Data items
.....

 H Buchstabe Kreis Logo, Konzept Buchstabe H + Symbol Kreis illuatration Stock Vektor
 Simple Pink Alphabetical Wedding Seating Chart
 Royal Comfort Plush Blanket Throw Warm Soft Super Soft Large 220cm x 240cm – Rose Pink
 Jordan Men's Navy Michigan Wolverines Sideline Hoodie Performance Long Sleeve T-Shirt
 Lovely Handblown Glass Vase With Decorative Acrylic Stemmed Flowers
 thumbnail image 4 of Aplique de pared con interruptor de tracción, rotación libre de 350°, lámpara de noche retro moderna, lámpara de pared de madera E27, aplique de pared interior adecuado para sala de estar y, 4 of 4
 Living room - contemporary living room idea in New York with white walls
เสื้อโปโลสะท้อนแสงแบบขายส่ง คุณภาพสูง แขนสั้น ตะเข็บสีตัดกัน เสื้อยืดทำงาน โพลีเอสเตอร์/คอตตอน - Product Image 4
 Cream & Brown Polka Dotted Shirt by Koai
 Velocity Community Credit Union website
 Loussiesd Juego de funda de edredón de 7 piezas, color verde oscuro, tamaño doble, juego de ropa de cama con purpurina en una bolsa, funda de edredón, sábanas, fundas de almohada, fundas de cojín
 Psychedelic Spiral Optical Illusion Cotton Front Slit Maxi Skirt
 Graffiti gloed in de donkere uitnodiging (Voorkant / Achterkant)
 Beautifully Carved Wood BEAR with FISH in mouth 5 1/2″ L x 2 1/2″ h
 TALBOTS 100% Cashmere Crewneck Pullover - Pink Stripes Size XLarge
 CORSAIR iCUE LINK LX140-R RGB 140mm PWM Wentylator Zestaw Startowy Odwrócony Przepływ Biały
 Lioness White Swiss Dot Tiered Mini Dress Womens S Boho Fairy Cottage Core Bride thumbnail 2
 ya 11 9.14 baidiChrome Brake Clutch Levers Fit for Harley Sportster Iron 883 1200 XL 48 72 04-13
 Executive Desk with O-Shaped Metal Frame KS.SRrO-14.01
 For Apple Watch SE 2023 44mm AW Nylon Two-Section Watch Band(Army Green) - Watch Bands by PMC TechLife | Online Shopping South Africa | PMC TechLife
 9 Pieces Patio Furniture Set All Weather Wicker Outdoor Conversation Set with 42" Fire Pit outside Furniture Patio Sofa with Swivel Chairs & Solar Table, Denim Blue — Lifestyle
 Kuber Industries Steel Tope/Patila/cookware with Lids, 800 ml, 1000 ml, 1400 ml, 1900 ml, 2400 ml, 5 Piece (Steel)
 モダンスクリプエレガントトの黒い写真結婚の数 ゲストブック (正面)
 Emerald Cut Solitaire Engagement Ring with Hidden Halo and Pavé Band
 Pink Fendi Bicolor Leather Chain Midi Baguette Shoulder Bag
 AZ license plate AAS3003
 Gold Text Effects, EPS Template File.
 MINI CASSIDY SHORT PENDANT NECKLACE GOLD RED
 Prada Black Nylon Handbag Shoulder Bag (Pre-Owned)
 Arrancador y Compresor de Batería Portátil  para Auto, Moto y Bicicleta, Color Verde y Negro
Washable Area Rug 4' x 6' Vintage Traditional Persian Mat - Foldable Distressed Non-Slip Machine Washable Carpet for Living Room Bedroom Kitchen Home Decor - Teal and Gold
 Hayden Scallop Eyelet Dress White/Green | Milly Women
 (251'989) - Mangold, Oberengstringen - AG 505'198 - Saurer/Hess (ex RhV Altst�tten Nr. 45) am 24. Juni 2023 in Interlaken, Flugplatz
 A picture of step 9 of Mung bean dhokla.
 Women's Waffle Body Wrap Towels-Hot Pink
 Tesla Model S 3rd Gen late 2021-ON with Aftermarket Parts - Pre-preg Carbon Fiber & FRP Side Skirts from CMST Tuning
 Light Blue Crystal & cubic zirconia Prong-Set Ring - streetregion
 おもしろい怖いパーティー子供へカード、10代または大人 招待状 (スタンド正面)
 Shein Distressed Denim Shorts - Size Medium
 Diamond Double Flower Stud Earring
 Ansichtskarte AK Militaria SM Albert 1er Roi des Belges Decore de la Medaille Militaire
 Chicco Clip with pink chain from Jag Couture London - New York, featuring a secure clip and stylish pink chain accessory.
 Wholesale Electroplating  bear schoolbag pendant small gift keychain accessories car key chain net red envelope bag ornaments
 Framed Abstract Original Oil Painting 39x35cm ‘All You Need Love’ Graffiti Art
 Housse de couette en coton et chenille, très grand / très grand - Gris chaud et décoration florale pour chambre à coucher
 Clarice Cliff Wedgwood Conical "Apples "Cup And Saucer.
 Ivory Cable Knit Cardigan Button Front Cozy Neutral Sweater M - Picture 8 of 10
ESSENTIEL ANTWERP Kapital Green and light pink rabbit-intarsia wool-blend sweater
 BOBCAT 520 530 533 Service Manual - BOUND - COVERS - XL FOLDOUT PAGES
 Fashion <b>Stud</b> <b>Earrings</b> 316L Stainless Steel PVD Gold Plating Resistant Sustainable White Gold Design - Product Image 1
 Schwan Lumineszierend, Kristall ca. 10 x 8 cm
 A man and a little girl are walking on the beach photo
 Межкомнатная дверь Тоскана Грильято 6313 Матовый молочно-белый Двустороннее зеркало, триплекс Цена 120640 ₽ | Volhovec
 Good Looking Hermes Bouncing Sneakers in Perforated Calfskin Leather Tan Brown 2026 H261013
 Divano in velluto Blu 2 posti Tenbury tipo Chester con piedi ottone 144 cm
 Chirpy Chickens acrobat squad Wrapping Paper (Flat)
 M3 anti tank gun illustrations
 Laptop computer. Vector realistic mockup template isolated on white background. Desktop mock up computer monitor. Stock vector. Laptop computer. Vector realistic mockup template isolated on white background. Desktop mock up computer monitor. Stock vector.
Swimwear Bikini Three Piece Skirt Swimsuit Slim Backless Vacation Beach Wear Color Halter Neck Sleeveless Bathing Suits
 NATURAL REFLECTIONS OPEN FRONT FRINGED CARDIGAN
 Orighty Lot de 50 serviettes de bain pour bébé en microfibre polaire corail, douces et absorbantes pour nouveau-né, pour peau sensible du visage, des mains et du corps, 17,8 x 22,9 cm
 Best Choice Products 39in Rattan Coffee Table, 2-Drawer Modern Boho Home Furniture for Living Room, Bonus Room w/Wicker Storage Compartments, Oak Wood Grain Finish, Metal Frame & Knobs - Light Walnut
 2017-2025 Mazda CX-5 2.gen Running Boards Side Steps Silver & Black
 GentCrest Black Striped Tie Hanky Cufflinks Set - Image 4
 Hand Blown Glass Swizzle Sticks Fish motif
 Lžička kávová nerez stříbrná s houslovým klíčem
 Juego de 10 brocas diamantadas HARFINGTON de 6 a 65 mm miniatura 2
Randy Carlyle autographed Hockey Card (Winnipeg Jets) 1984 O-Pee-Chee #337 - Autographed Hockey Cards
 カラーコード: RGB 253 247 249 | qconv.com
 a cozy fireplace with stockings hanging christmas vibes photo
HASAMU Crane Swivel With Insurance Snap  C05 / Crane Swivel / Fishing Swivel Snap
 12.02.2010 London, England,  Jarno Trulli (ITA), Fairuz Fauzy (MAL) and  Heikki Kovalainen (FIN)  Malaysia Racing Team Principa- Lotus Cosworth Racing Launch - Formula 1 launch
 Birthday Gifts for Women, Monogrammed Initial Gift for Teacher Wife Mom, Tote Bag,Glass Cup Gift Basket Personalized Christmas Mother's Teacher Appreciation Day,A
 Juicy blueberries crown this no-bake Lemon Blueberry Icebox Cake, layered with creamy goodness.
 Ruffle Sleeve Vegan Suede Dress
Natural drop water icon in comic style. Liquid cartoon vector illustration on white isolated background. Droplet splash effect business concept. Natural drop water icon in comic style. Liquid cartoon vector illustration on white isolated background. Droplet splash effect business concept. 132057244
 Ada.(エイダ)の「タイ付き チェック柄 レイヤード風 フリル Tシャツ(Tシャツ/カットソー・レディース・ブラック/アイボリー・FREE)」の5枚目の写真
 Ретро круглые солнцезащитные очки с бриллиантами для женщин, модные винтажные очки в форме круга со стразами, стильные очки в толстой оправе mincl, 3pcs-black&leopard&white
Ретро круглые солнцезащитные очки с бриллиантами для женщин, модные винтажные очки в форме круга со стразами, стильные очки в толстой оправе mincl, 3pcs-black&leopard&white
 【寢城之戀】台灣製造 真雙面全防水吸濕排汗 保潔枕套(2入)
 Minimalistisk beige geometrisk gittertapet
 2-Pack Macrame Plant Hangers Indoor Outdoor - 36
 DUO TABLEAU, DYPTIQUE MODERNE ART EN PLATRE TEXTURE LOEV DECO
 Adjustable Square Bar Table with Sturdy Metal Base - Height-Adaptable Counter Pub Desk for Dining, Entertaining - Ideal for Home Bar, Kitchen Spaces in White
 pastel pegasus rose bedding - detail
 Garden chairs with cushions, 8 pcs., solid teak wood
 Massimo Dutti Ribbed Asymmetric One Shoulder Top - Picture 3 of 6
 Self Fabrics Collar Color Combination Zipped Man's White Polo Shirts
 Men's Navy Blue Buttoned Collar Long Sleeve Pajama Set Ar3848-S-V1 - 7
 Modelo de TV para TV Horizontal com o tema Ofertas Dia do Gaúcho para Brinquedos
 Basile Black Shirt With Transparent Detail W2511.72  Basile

.....

Problem to solve
In the data above, find the line that contains "For Apple Watch", then reproduce exactly every line from the first line through that line.

Exercise response
 H Buchstabe Kreis Logo, Konzept Buchstabe H + Symbol Kreis illuatration Stock Vektor
 Simple Pink Alphabetical Wedding Seating Chart
 Royal Comfort Plush Blanket Throw Warm Soft Super Soft Large 220cm x 240cm – Rose Pink
 Jordan Men's Navy Michigan Wolverines Sideline Hoodie Performance Long Sleeve T-Shirt
 Lovely Handblown Glass Vase With Decorative Acrylic Stemmed Flowers
 thumbnail image 4 of Aplique de pared con interruptor de tracción, rotación libre de 350°, lámpara de noche retro moderna, lámpara de pared de madera E27, aplique de pared interior adecuado para sala de estar y, 4 of 4
 Living room - contemporary living room idea in New York with white walls
เสื้อโปโลสะท้อนแสงแบบขายส่ง คุณภาพสูง แขนสั้น ตะเข็บสีตัดกัน เสื้อยืดทำงาน โพลีเอสเตอร์/คอตตอน - Product Image 4
 Cream & Brown Polka Dotted Shirt by Koai
 Velocity Community Credit Union website
 Loussiesd Juego de funda de edredón de 7 piezas, color verde oscuro, tamaño doble, juego de ropa de cama con purpurina en una bolsa, funda de edredón, sábanas, fundas de almohada, fundas de cojín
 Psychedelic Spiral Optical Illusion Cotton Front Slit Maxi Skirt
 Graffiti gloed in de donkere uitnodiging (Voorkant / Achterkant)
 Beautifully Carved Wood BEAR with FISH in mouth 5 1/2″ L x 2 1/2″ h
 TALBOTS 100% Cashmere Crewneck Pullover - Pink Stripes Size XLarge
 CORSAIR iCUE LINK LX140-R RGB 140mm PWM Wentylator Zestaw Startowy Odwrócony Przepływ Biały
 Lioness White Swiss Dot Tiered Mini Dress Womens S Boho Fairy Cottage Core Bride thumbnail 2
 ya 11 9.14 baidiChrome Brake Clutch Levers Fit for Harley Sportster Iron 883 1200 XL 48 72 04-13
 Executive Desk with O-Shaped Metal Frame KS.SRrO-14.01
 For Apple Watch SE 2023 44mm AW Nylon Two-Section Watch Band(Army Green) - Watch Bands by PMC TechLife | Online Shopping South Africa | PMC TechLife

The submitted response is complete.